A a vida na pele de homens e mulheres era
sofrida e muitos ofereciam-na como sacrifício pela liberdade.
Em troca da livre expressão e da livre
escolha.
Em troca de terra. Em troca de casas
com casa de banho e água corrente.
Eu trocava o retrato do Américo Tomás
nas costas da professora na sala de aula, as reguadas, os ponteiros na cabeça e
as orelhas de burro.
Em troca do progresso e de deixar no
passado a filosofia “pobretes e alegretes”. A filosofia de mentes castradas e
carregadas de preconceitos conforme fora ensinado, inculcado e moldado.
Sem polícias políticas, sem a morte de
filhos em guerras em nome de um império sem sentido. Sem prisões e sem
torturas.
Eu não sabia do homem novo que estava
para nascer. Estava prestes a celebrar 10 anos mas já tinha sofrido vários
tipos de descriminações na escola e na rua. E trocava-as por um homem novo que
não descriminasse.
O “povo” vivia com dificuldades sem fim
à vista. Oprimido, medroso, sem queixumes nem “pieguices”. Sabemos porquê!

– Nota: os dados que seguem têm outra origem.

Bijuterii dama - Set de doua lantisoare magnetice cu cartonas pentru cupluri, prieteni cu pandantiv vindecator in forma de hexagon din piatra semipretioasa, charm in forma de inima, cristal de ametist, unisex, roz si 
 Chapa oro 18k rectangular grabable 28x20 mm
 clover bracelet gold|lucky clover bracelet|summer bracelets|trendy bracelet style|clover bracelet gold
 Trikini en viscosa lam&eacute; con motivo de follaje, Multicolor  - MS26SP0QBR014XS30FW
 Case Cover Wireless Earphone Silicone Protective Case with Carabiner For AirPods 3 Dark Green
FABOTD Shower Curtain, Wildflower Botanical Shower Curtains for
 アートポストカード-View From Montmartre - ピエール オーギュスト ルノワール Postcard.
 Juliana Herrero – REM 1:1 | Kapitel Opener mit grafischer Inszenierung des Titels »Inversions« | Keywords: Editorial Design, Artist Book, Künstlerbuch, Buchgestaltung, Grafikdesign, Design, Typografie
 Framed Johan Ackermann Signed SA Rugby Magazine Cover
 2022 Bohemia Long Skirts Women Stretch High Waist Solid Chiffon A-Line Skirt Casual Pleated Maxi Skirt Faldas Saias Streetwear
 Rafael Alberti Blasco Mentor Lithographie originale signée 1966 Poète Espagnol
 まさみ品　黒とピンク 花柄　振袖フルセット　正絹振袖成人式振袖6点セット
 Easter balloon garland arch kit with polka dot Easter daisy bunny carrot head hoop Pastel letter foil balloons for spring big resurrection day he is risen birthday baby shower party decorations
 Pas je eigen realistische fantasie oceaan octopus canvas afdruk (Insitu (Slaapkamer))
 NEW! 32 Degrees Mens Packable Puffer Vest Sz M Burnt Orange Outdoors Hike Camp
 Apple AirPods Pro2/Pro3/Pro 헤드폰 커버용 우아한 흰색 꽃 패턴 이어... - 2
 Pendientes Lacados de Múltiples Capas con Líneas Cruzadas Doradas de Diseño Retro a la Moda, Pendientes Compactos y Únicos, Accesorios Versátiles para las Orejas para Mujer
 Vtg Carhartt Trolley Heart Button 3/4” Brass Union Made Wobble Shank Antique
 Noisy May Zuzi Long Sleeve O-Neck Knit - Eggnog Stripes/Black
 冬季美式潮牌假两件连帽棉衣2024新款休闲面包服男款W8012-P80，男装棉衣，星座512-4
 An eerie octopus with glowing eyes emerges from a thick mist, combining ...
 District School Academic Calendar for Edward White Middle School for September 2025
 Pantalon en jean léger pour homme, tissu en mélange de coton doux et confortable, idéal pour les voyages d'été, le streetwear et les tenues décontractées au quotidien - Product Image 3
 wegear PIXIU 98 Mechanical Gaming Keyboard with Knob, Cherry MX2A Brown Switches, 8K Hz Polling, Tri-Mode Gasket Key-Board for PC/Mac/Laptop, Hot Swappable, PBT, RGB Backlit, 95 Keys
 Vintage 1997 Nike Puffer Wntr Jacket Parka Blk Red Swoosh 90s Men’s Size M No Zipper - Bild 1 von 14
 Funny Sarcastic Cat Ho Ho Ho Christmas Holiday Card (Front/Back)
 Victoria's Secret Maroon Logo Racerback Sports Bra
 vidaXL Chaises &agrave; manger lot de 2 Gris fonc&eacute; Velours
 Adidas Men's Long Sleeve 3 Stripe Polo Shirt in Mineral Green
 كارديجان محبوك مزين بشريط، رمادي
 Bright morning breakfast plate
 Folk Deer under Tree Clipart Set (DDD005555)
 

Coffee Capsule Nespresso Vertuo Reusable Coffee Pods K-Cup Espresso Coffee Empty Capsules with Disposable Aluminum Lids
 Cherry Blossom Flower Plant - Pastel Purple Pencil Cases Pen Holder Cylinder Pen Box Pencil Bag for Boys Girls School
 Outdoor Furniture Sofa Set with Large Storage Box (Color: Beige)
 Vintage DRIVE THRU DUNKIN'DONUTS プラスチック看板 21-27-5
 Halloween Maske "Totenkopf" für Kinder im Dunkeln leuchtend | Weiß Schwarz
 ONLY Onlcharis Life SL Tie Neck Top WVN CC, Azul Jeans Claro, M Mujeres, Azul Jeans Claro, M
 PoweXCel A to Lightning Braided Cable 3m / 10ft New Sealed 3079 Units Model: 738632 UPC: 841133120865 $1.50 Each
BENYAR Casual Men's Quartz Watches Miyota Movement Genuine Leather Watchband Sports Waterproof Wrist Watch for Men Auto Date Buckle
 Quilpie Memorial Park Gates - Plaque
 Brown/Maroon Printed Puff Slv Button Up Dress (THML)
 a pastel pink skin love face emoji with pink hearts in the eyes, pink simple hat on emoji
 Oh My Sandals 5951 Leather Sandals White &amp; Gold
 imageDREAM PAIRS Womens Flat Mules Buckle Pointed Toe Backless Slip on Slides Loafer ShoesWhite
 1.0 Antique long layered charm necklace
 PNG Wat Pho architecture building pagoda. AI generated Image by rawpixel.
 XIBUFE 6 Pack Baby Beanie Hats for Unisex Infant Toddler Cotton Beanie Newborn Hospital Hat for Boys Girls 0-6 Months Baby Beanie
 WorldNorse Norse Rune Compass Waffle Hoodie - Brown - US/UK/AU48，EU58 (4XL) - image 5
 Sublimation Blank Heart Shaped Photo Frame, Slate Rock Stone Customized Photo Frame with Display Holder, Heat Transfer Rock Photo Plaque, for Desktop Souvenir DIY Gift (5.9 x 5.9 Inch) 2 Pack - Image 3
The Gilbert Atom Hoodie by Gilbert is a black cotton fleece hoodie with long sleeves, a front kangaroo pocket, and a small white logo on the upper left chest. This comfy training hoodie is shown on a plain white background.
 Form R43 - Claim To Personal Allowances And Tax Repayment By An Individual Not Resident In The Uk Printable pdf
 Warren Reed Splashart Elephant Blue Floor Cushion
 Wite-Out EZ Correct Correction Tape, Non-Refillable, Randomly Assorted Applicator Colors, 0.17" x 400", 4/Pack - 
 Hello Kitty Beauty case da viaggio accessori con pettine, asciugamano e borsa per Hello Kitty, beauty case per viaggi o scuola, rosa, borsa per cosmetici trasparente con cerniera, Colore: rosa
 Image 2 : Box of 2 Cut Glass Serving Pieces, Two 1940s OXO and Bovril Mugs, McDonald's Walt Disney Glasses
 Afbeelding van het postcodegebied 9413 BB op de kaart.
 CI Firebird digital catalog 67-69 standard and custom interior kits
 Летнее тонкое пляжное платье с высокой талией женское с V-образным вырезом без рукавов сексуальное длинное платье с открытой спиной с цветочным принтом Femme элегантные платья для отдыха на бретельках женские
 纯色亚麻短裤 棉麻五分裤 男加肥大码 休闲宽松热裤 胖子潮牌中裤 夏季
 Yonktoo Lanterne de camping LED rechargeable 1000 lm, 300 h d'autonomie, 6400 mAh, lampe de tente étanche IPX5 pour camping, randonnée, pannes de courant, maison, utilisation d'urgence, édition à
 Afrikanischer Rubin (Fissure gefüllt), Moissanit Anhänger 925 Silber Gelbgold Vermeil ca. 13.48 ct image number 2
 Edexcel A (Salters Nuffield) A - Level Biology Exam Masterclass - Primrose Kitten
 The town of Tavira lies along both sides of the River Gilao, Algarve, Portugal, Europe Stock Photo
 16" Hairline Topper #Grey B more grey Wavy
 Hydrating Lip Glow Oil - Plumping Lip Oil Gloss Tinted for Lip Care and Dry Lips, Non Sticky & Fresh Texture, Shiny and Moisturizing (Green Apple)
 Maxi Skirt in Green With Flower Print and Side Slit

Vivíamos abaixo das possibilidades da
liberdade e de uma vida desafogada.
Não sendo este povo constituído na sua
essência ou espírito da massa rebelde ou revolucionária, não teve dúvidas em ficar
na rectaguarda dos militares e tornar-se a vanguarda ao sair a gritar liberdade,
no dia em que acordámos com um homem novo numa terra nova.
Foi o que eu testemunhei quando saí para
ver as colunas de Chaimites. Alegria, lágrimas, lenços a abanar. Também
silêncio e preocupação. A incerteza do desconhecido gerava temor.
O meu avô falava-me de um homem novo,
de uma terra nova. Ria-se de alegria. «Caíu o fascismo minha filha» disse-me. «Vem
aí a democracia». Era um homem atento, culto e alimentava o sonho de me ver
crescer em liberdade.
Nas minhas terras em África o sonho também
era viver em liberdade numa terra nova feita por e com homens novos.
Vi toda a
família refugiar-se e amontoar-se como podia ao ser obrigada a vir para
Portugal, na maior aflição que o coração pode viver. Fugidos, sacudidos das
suas terras de uma vida inteira.
Ninguém os queria. Nem cá, nem lá. Eram
colonizadores, eram exploradores, eram colonizados, eram gente comum que nenhum
mal fazia e queriam apenas viver em paz e liberdade nas suas terras.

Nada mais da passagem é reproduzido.